If input.stage is using tm-stage01-slave01 you should talk to Dave Miller, too.

Dave Dash [:davedash, :dd] (assign all bugs to mbrandt)

Updated

•

13 years ago

Summary: Consistently getting 500 errors → [input-stage] Consistently getting 500 errors

Stephen Donner [:stephend] Not actively reading bugmail

Updated

•

13 years ago

Summary: [input-stage] Consistently getting 500 errors → [input-stage] Consistently getting 500 errors / Zeus "Service Unavailable" message

Dave Miller [:justdave]

Comment 4

•

13 years ago

So, Jake tells me this query is the one that's blocking things up:

SELECT `feedback_term`.`id`, `feedback_term`.`term`, `feedback_term`.`hidden`,
       COUNT(`feedback_opinion_terms`.`opinion_id`) AS `cnt`
FROM `feedback_term`
     INNER JOIN `feedback_opinion_terms` ON 
                 (`feedback_term`.`id` = `feedback_opinion_terms`.`term_id`) WHERE `feedback_term`.`hidden` = 0
GROUP BY `feedback_term`.`id`
ORDER BY cnt DESC
LIMIT 10;

Explain on that says:

+----+-------------+------------------------+-------+---------------------------------+---------------------------------+---------+------------------------------------------+--------+----------------------------------------------+
| id | select_type | table                  | type  | possible_keys                   | key                             | key_len | ref                                      | rows   | Extra                                        |
+----+-------------+------------------------+-------+---------------------------------+---------------------------------+---------+------------------------------------------+--------+----------------------------------------------+
|  1 | SIMPLE      | feedback_term          | index | PRIMARY                         | PRIMARY                         | 4       | NULL                                     | 467796 | Using where; Using temporary; Using filesort | 
|  1 | SIMPLE      | feedback_opinion_terms | ref   | feedback_opinion_terms_f1e83452 | feedback_opinion_terms_f1e83452 | 4       | input_stage_mozilla_com.feedback_term.id |      5 |                                              | 
+----+-------------+------------------------+-------+---------------------------------+---------------------------------+---------+------------------------------------------+--------+----------------------------------------------+

The "Using where" means there's no applicable key for the WHERE part.  It's using the PRIMARY key as the next best index because the column with the primary key is half of the join condition for the table it's joining to.

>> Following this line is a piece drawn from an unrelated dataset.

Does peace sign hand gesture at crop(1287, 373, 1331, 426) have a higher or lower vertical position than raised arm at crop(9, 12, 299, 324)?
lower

This *likely* implies that it's doing the JOIN first, and then the filesort on that to sift it for the WHERE condition after it's done (which is what would be causing the on-disk temporary table).

The entire WHERE condition is "WHERE `feedback_term`.`hidden` = 0".  As silly as it sounds (the only possible values are 1 and 0) I'm going to suggest that adding an index on feedback_term.hidden would likely help.

Assignee: nmaul → nobody

Component: Server Operations → Input

Product: mozilla.org → Webtools

QA Contact: mrz → input

Dave Miller [:justdave]

Comment 5

•

13 years ago

This table is 38 MB on disk, it probably won't take very long to generate an index on that much data, if you'd like to me to experiment with this on stage...

Dave Miller [:justdave]

Comment 6

•

13 years ago

OK, davedash said to go ahead and run the experiment...

adding the index took 27 seconds.

Explain after the change:
|  1 | SIMPLE      | feedback_term          | ref  | PRIMARY,hidden                  | hidden                  
                     | 1       | const                                    | 237342 | Using where; Using temporary; Using filesort | 

+1 : it's actually using the index
-1 : it still wants a temporary table :|

Running the query after this change takes 39 seconds instead of 47, so it was an improvement.

Dropping the "ORDER BY" makes the temporary table go away and the query returns almost instantly, but the LIMIT is useless without it.  And leaving off the limit, returns 15 MB of data, and the time to transmit that across the wire probably negates any benefit you'd get out of sorting it client-side in the app.

Dave Miller [:justdave]

Comment 7

•

13 years ago

The error message was being generated by Zeus...  on a whim I checked the Zeus settings for this virtual host, and it had a 40 second timeout in it waiting for a response from the backend.  I bumped that timeout up to 60 seconds, and the page now loads.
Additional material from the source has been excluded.